• _DATA EXCERPTS_:
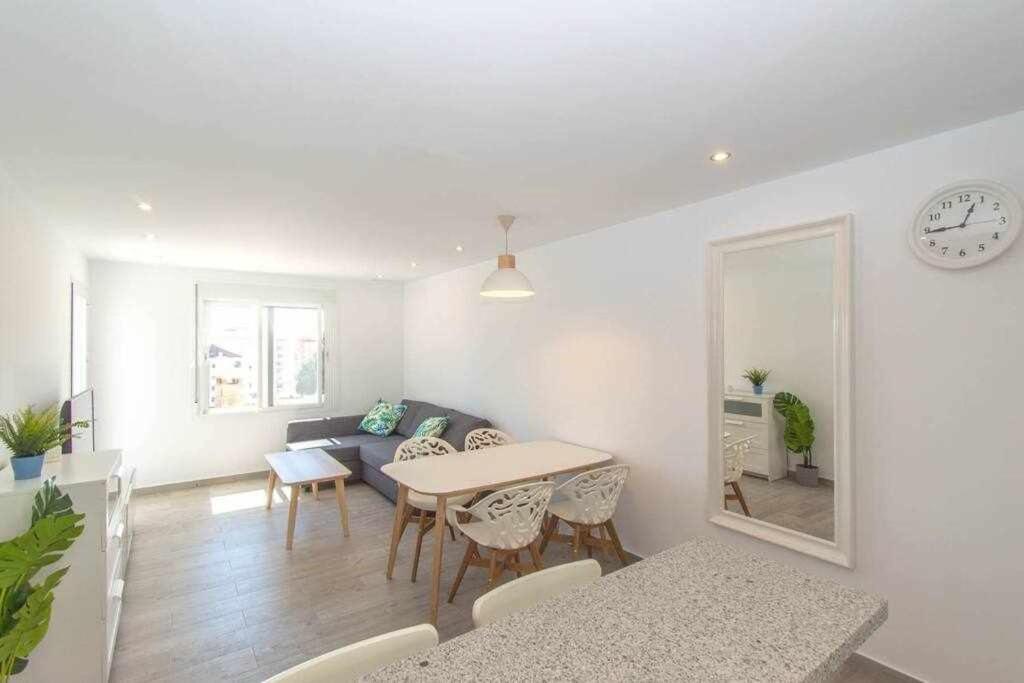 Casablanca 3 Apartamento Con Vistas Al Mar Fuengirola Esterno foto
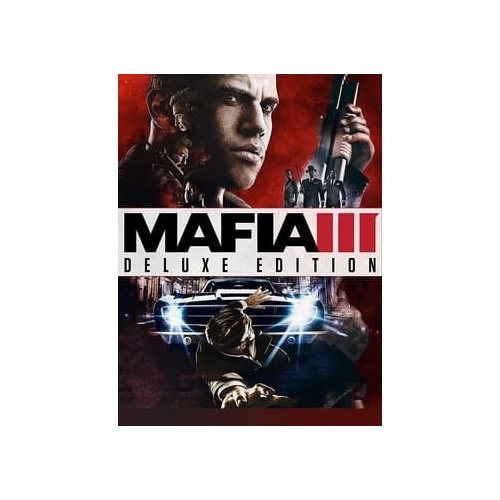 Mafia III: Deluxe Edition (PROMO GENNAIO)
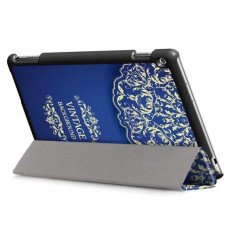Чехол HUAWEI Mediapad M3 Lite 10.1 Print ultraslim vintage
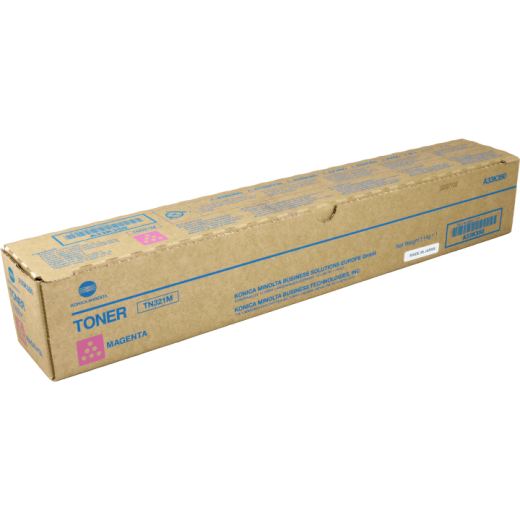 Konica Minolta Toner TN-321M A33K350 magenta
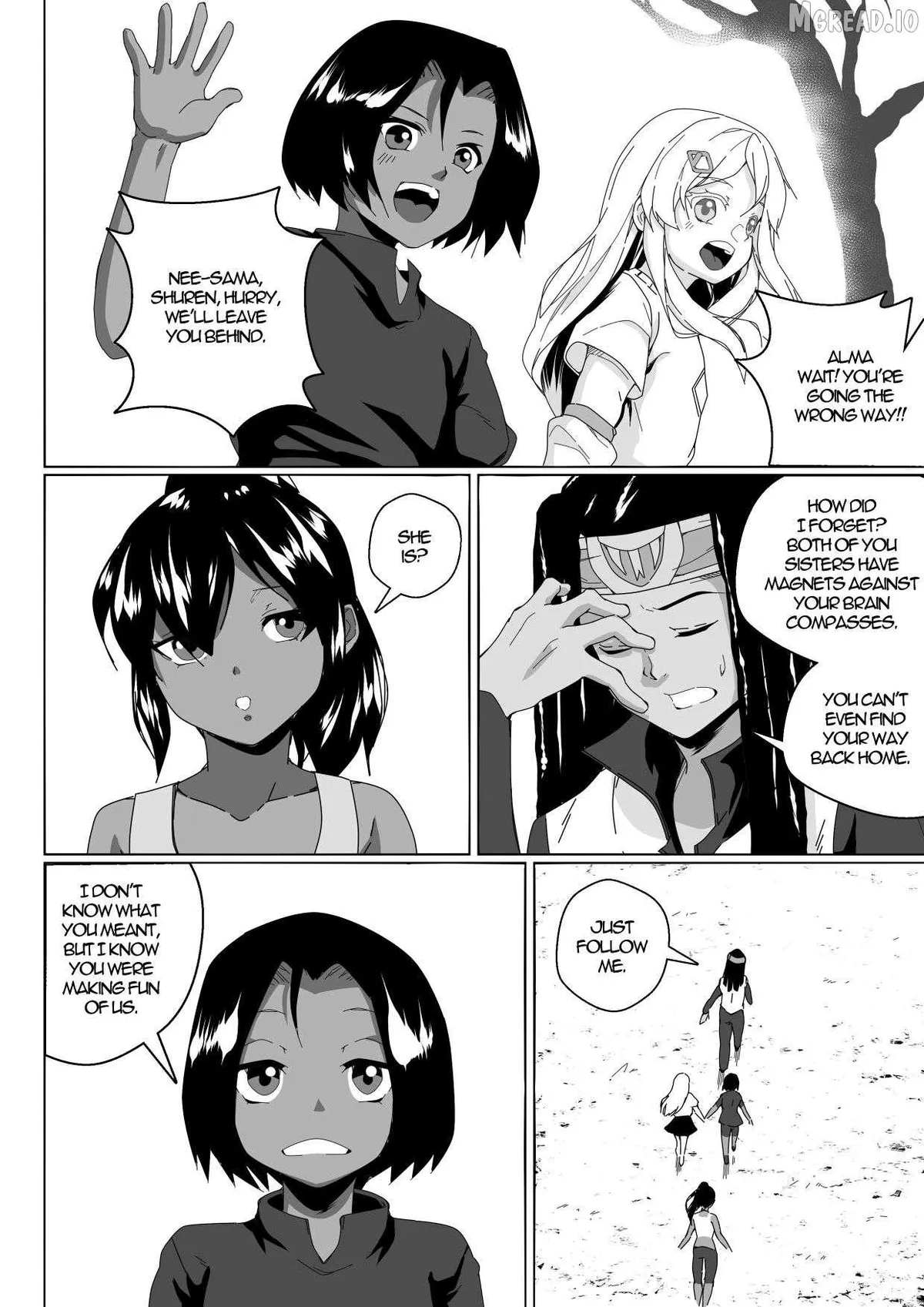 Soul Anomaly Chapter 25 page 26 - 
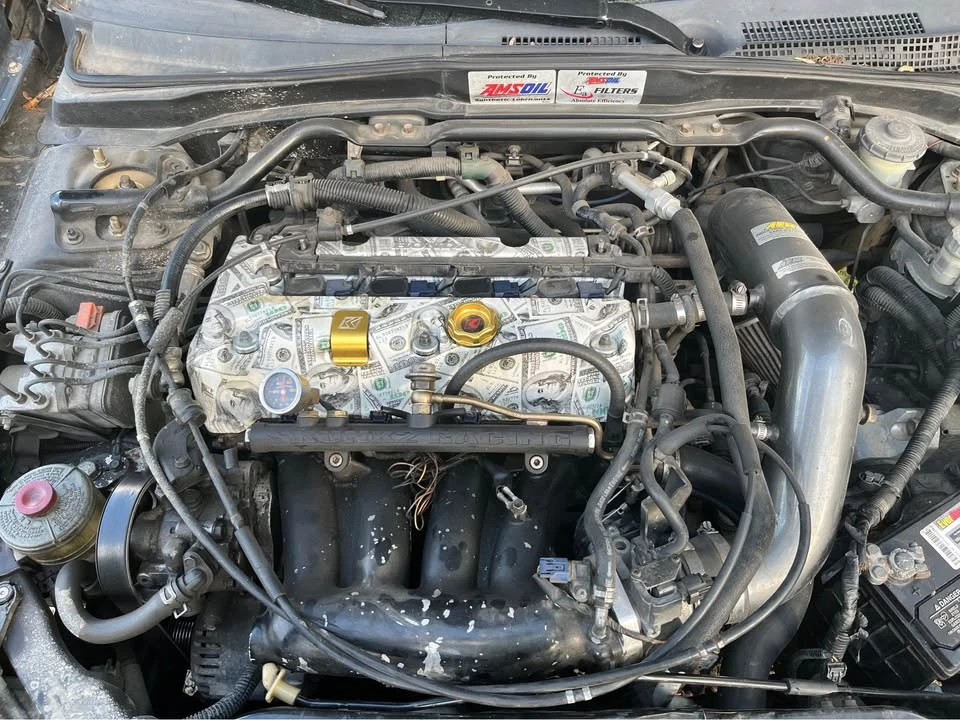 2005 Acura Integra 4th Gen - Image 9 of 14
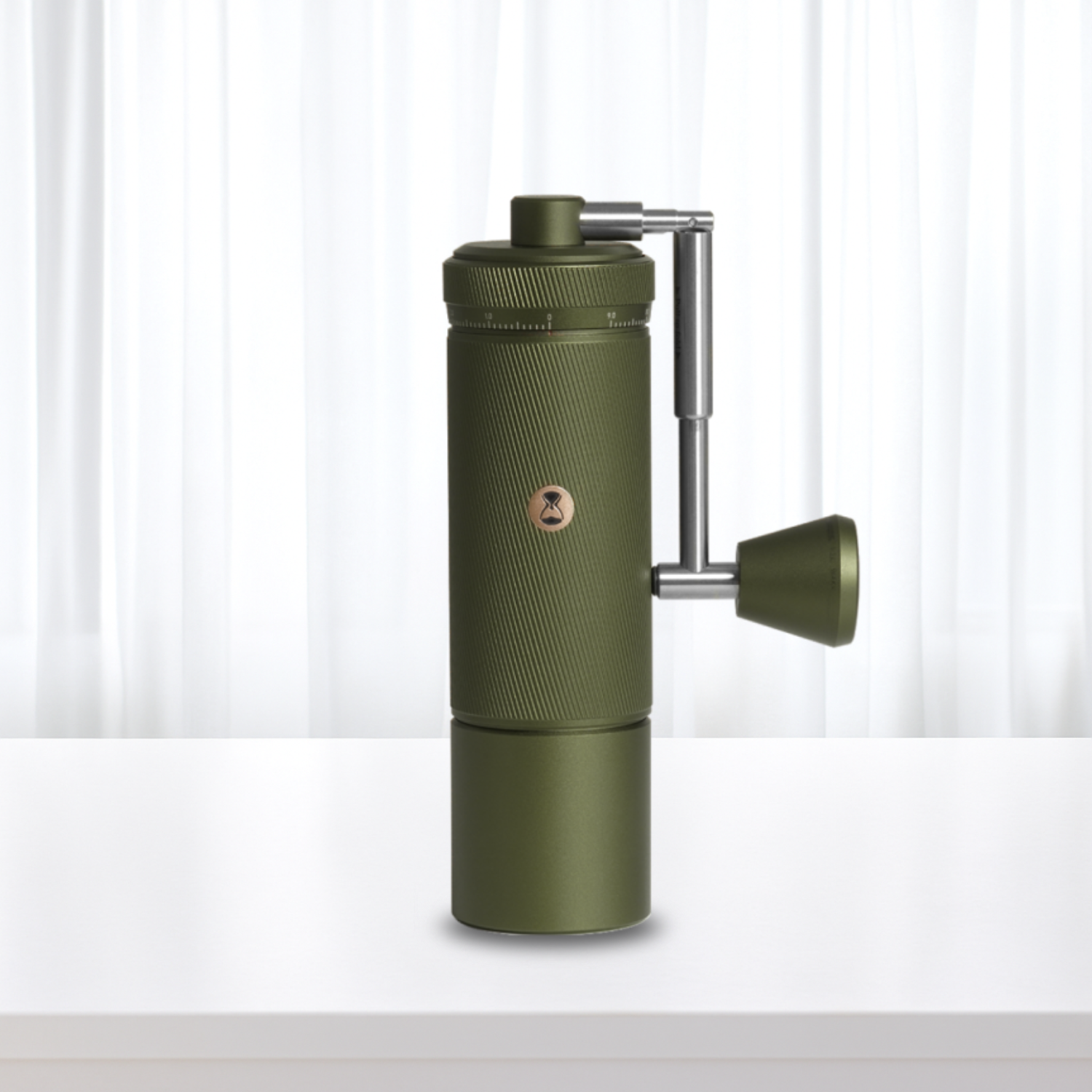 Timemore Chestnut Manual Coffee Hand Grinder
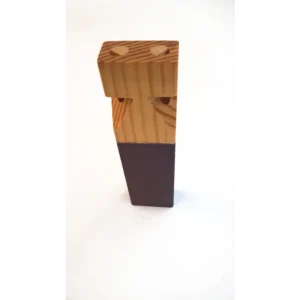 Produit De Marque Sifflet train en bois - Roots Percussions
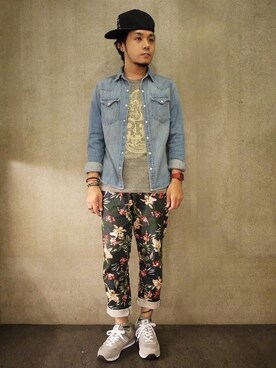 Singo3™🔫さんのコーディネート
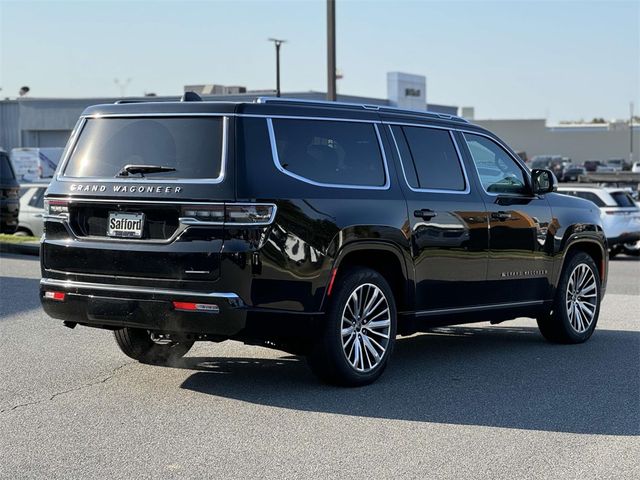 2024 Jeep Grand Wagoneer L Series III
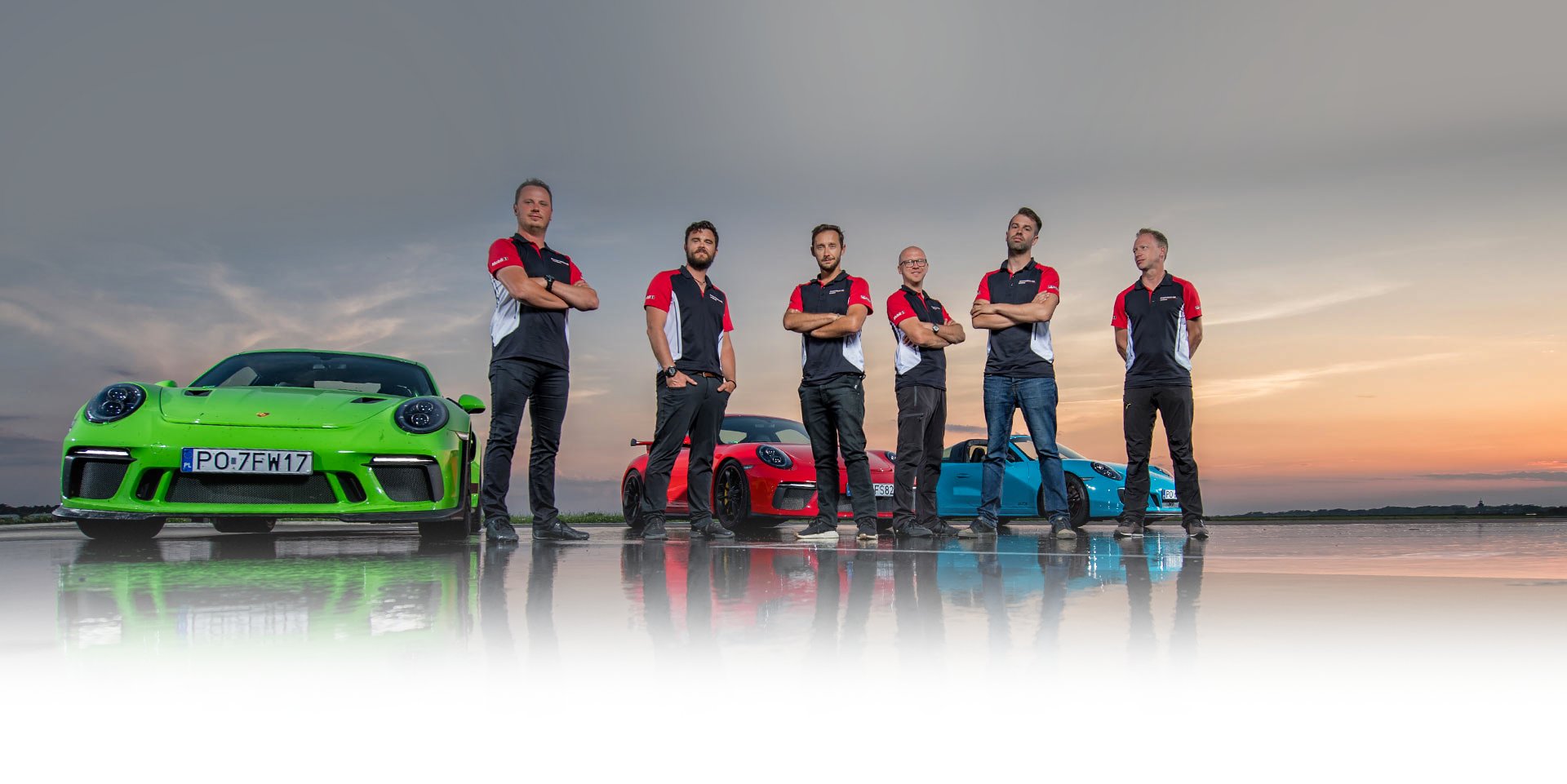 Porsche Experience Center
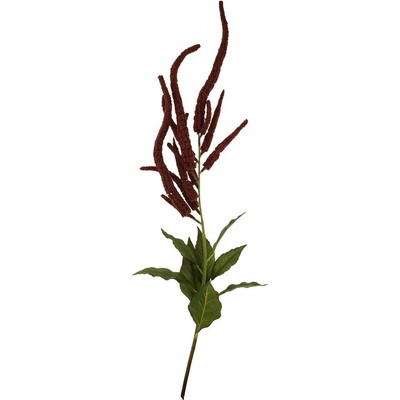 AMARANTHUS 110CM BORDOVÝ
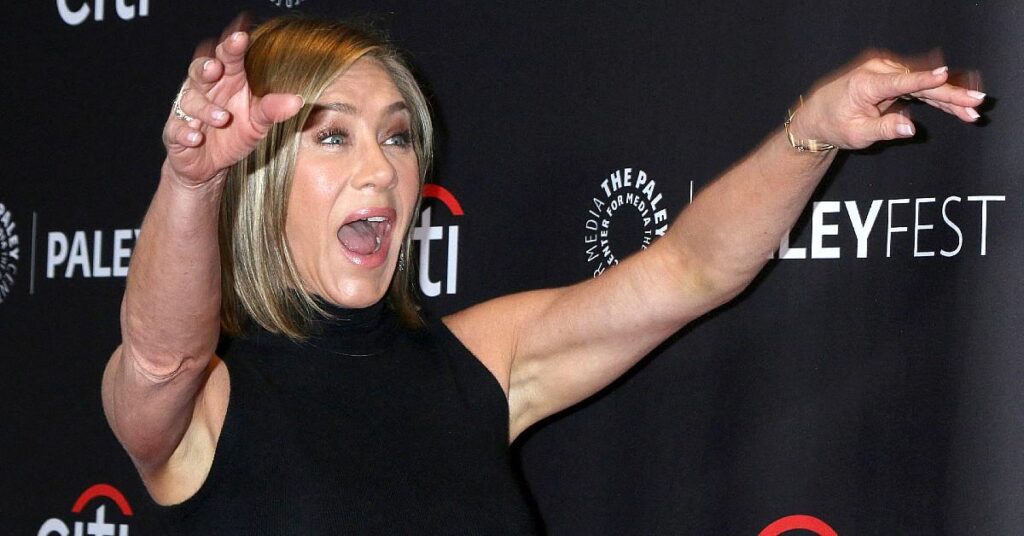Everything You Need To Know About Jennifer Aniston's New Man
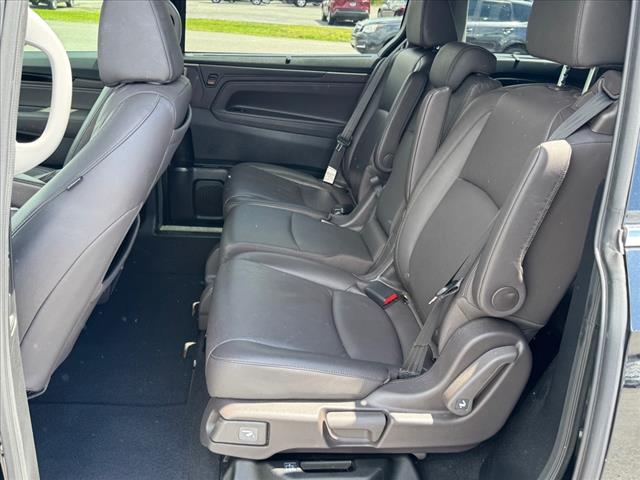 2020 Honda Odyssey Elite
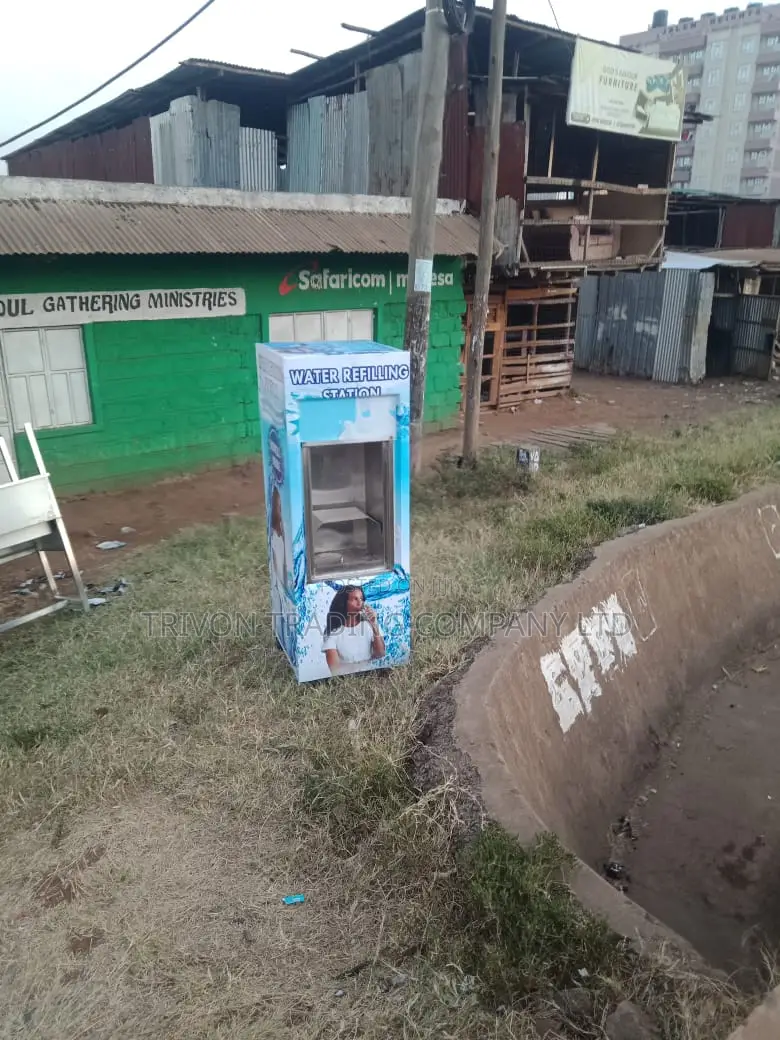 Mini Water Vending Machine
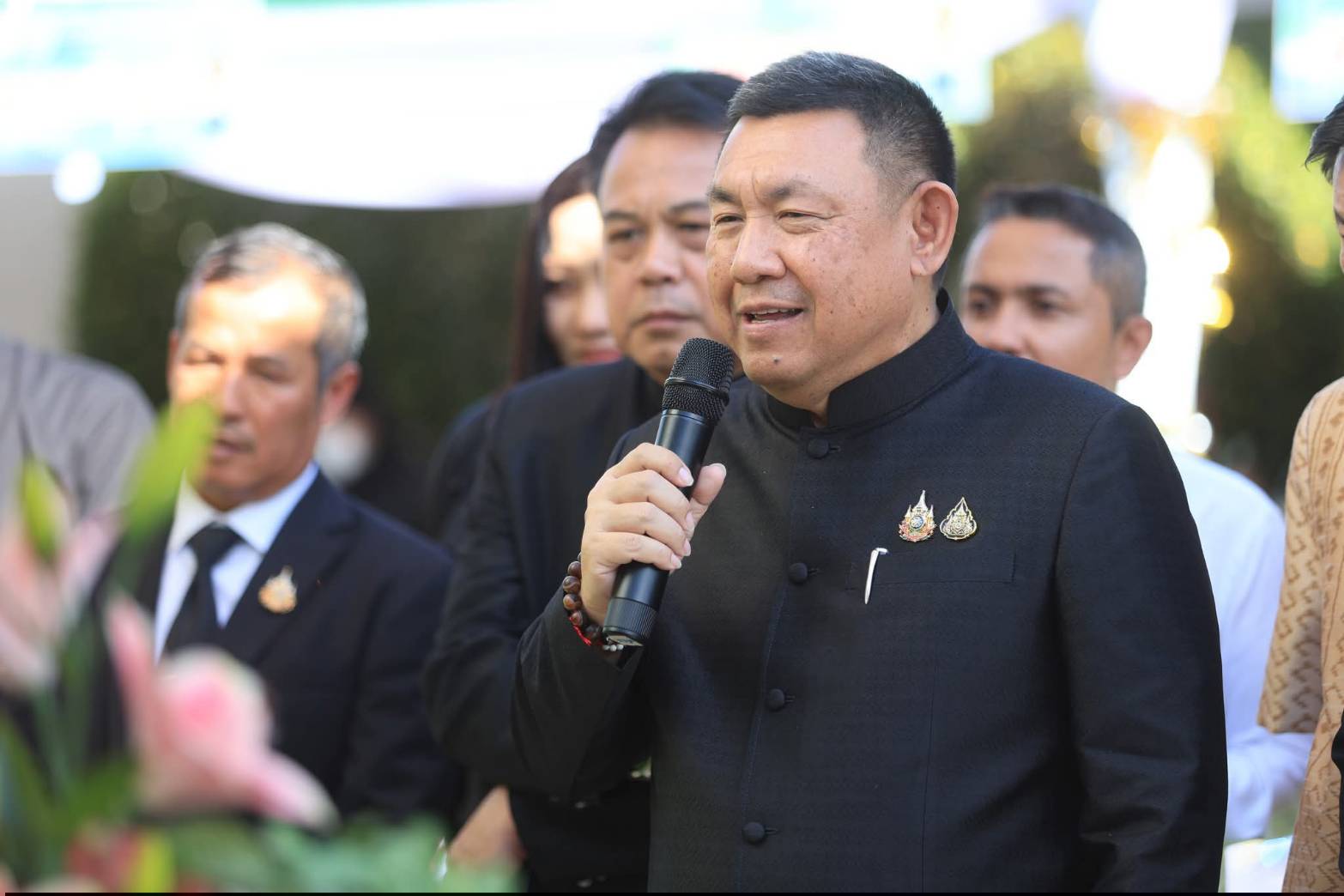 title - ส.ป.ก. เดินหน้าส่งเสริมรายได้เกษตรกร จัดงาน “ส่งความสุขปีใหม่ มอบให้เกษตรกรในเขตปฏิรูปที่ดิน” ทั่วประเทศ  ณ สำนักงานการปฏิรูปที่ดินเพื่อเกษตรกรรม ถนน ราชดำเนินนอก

• _ASSIGNMENT_: First drop every picture, then print the data above exactly as it stands.

• _RESPONSE BELOW_:
 Casablanca 3 Apartamento Con Vistas Al Mar Fuengirola Esterno foto
 Mafia III: Deluxe Edition (PROMO GENNAIO)
Чехол HUAWEI Mediapad M3 Lite 10.1 Print ultraslim vintage
 Konica Minolta Toner TN-321M A33K350 magenta
 Soul Anomaly Chapter 25 page 26 - 
 2005 Acura Integra 4th Gen - Image 9 of 14
 Timemore Chestnut Manual Coffee Hand Grinder
 Produit De Marque Sifflet train en bois - Roots Percussions
 Singo3™🔫さんのコーディネート
 2024 Jeep Grand Wagoneer L Series III
 Porsche Experience Center
 AMARANTHUS 110CM BORDOVÝ
Everything You Need To Know About Jennifer Aniston's New Man
 2020 Honda Odyssey Elite
 Mini Water Vending Machine
 title - ส.ป.ก. เดินหน้าส่งเสริมรายได้เกษตรกร จัดงาน “ส่งความสุขปีใหม่ มอบให้เกษตรกรในเขตปฏิรูปที่ดิน” ทั่วประเทศ  ณ สำนักงานการปฏิรูปที่ดินเพื่อเกษตรกรรม ถนน ราชดำเนินนอก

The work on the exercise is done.